The CSO said personal spending in the first quarter exceeded the peak pre-pandemic level of personal spending recorded in second quarter of 2019.
The figures indicate that most sectors “focused on the domestic economy” experienced an increase in economic activity. Output in the construction sector and the agriculture, forestry and fishing sector expanded by 12 and 15.9 per cent respectively. Activity in the distribution, transport, hotels and restaurants sector, which is heavily dependent on the consumer spending, grew by 2.7 per cent quarter-on-quarter.
Mr McGrath welcomed the increase in modified domestic demand, noting the “expansion was broad-based, with both consumer and investment spending robust in the quarter”.
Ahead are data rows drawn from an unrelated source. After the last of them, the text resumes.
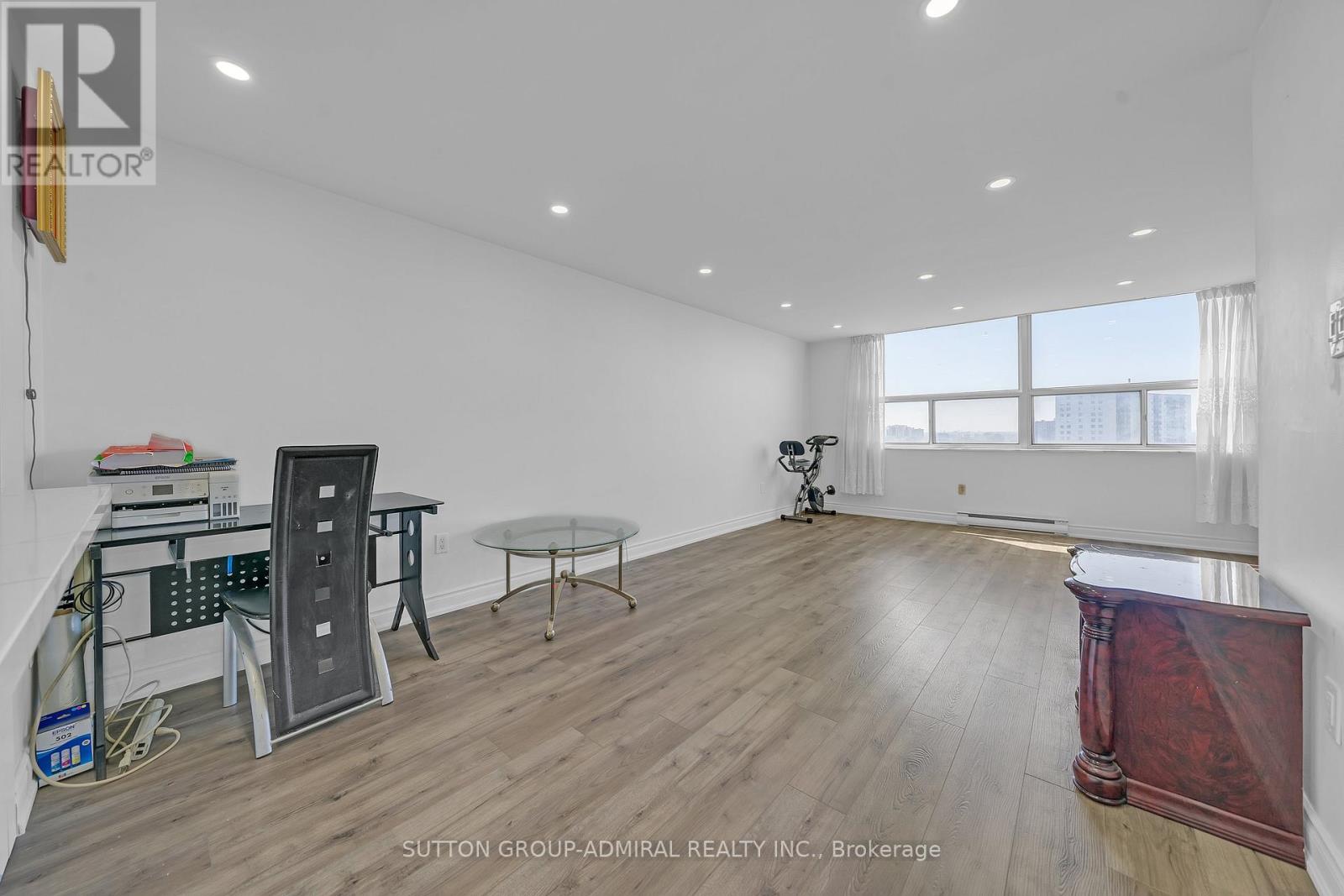 Ph12 - 10 Tobermory Drive, Toronto, Ontario  M3N 2Y5 - Photo 6 - W12835904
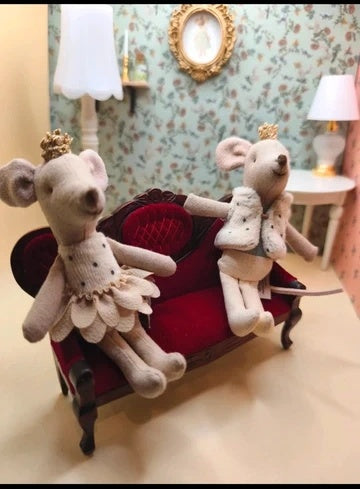 Assise en velours du canapé miniature vintage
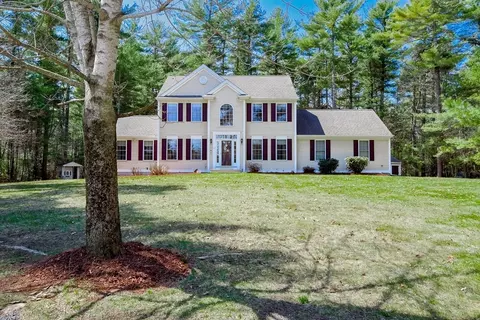 57 Harvest Cir, Wareham, MA 02576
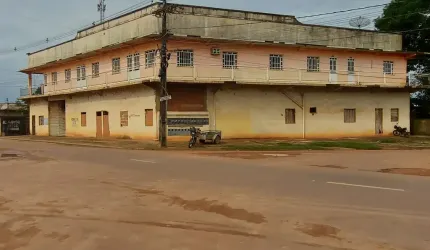 Ponto Comercial e Kitnets à Venda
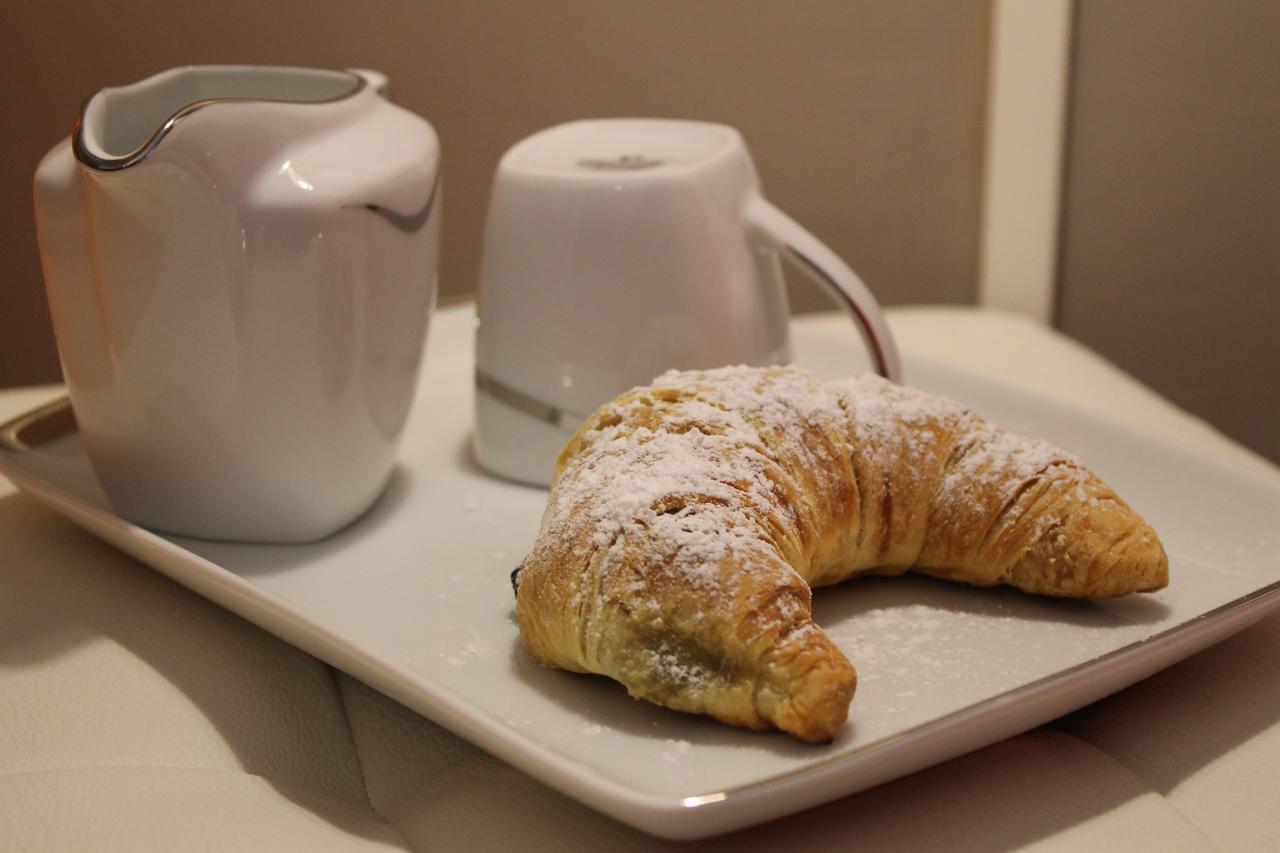 Bed and Breakfast Al 68 Di Piazza Cavour Napoli Esterno foto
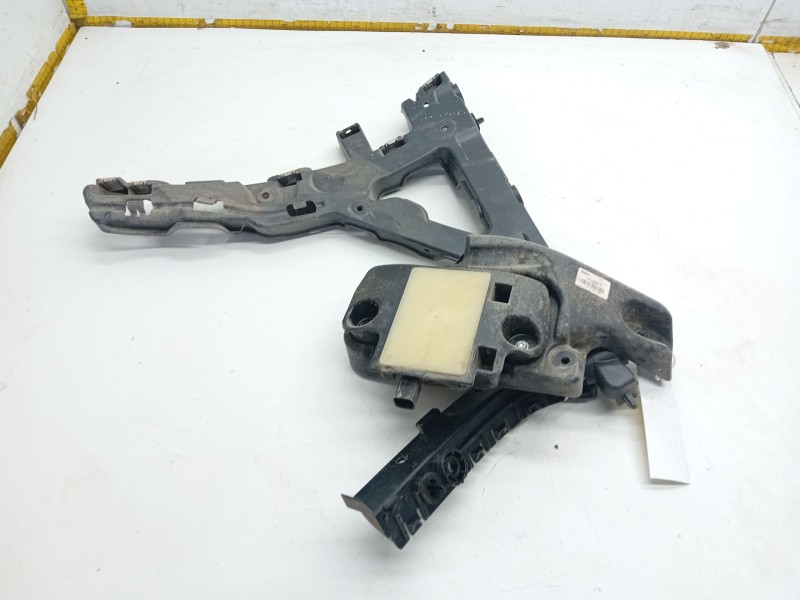 Recambio de soporte paragolpes trasero derecho para land rover range rover velar (l560) 2.0 d240 sd4 4x4 referencia OEM IAM J8A2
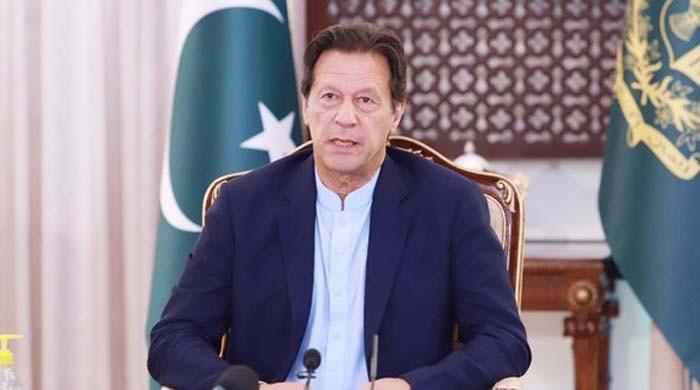 فوج سے بہترین تعلقات ہیں اور فوج حکومت کی تمام پالیسیوں کی حمایت کرتی ہے: وزیراعظم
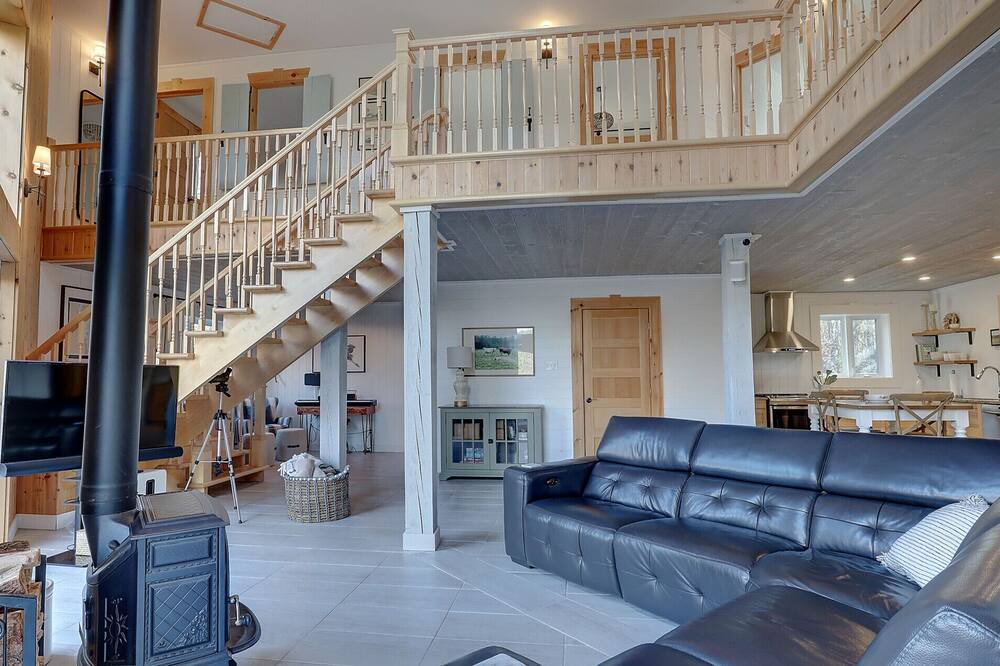 Photo of Livingroom in Stanstead Township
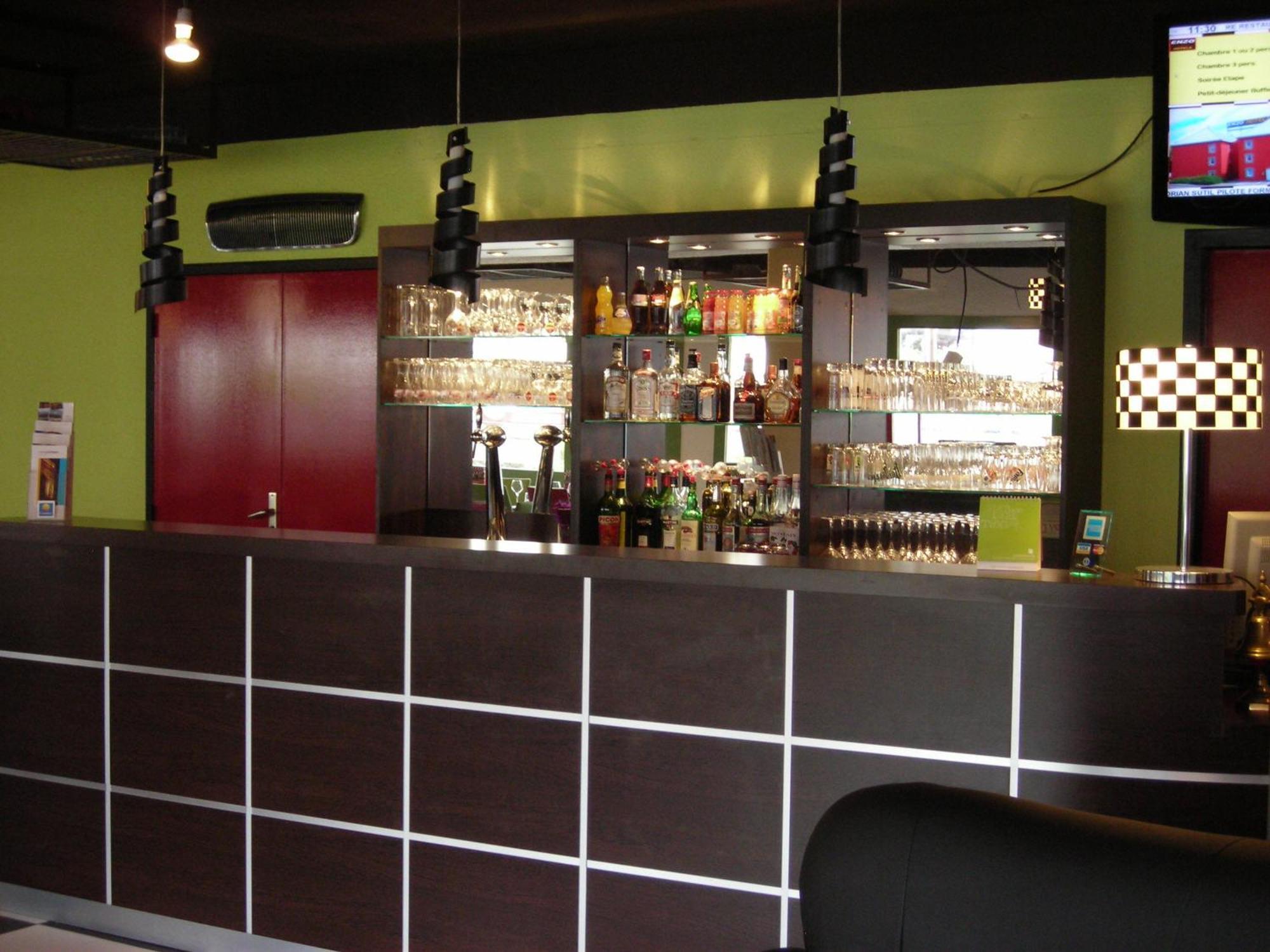 Enzo Hotels Pont-A-Mousson By Kyriad Direct Restaurante foto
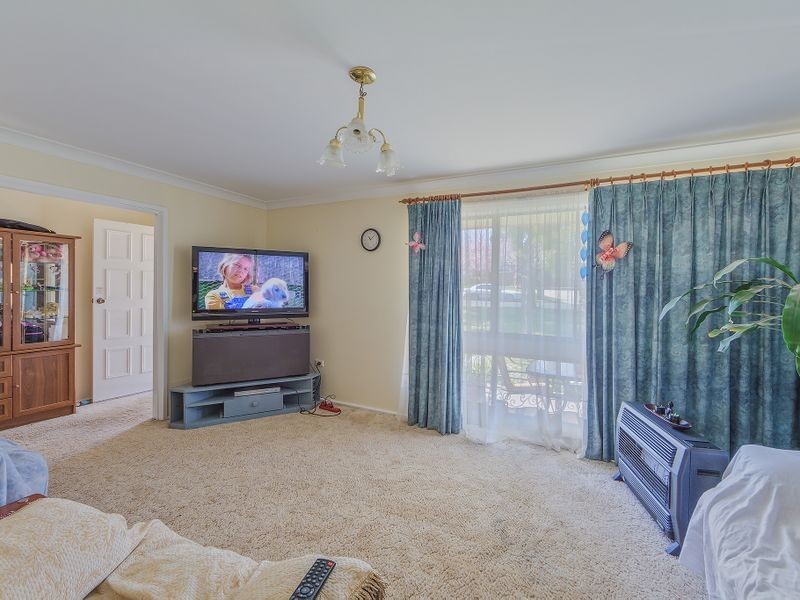 40 Kibbler Street, Cowra NSW 2794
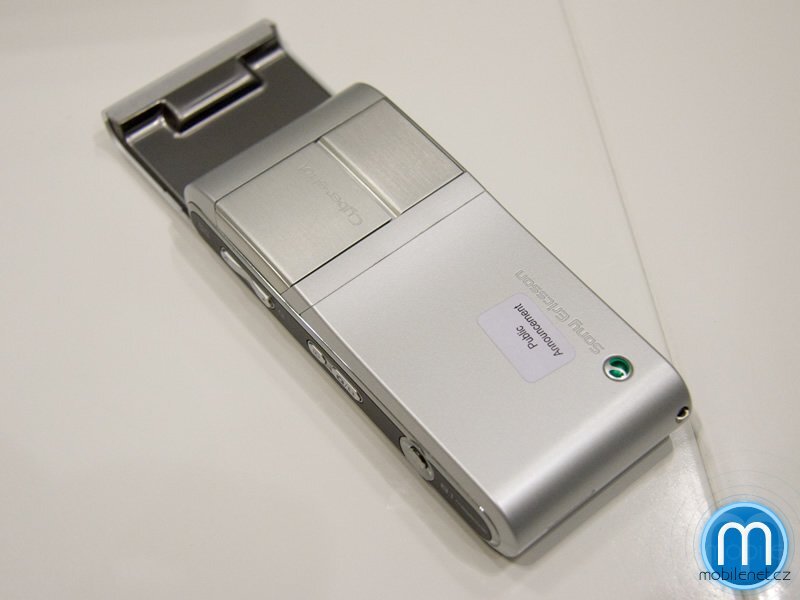 Sony Ericsson C905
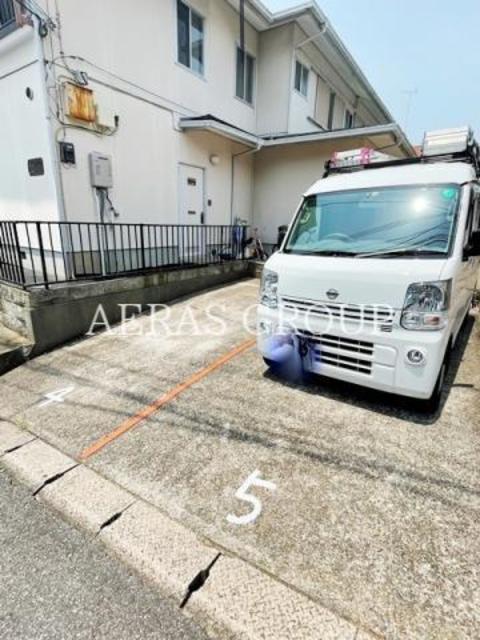 小金原タウンハウスB
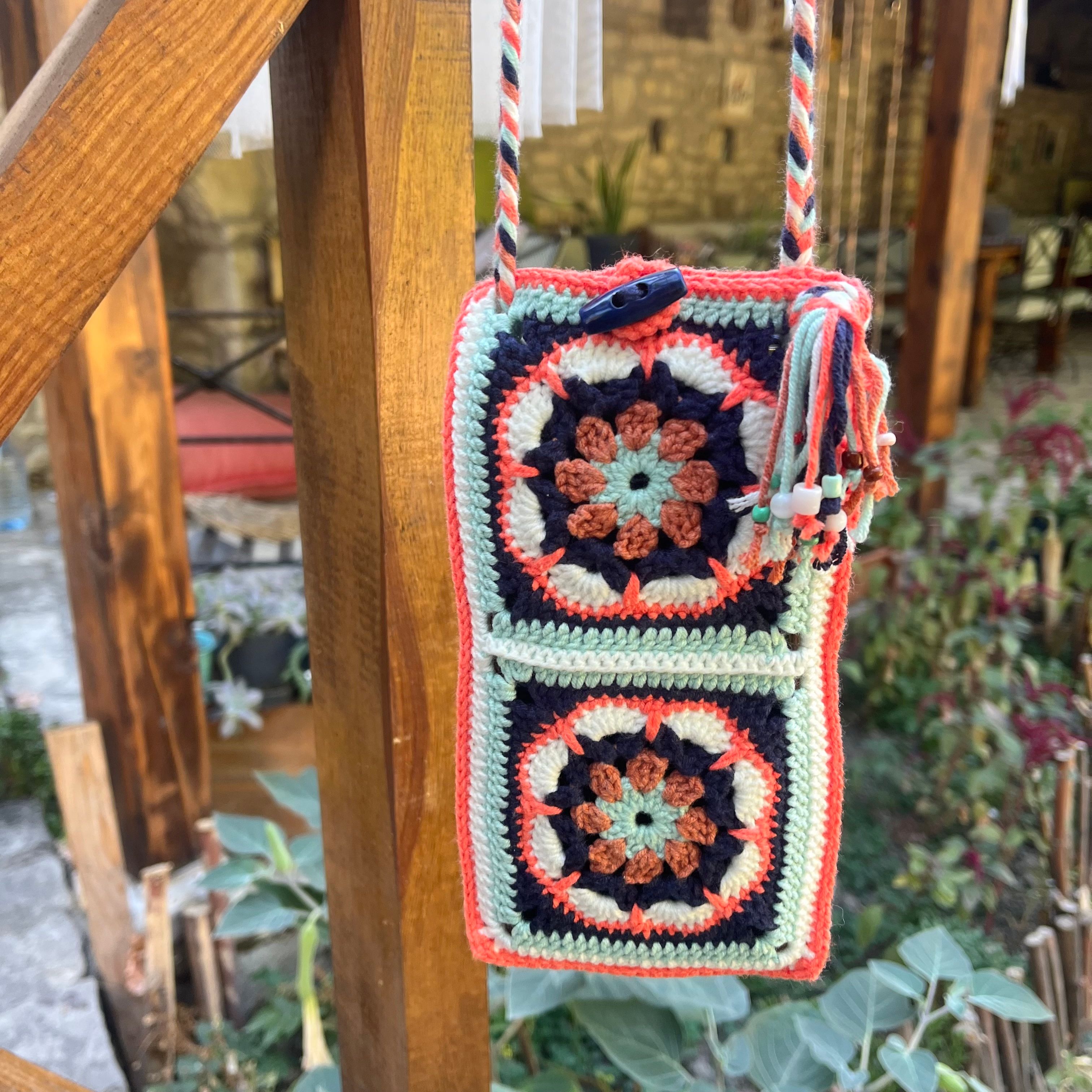 Mercan Rengi Mint El Örgüsü Kadın Telefon Çantası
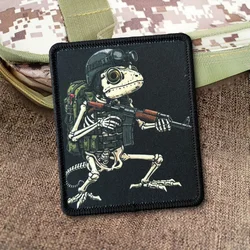 Parche táctico calavera de rana con velcro para equipamiento militar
“Consumer spending increased by 1.7 per cent when compared with the previous quarter, with Government supports, the easing of energy prices and an improvement in confidence all playing a role. Strong employment growth in the first quarter was also a key factor,” he said.
Goodbody economist Dermot O’Leary said: “Irish GDP fell for the second consecutive quarter in Q1, but caution is warranted in over-interpreting this to mean Ireland has entered recession. Pharma appears to be the main culprit, but output can be volatile here. Domestic spending accelerated in the quarter, with consumer spending continuing to grow despite inflation headwinds.”
The CSO figures show gross national product (GNP), a barometer that weeds out the profits of multinationals, declined 8 per cent in the first three months of the year.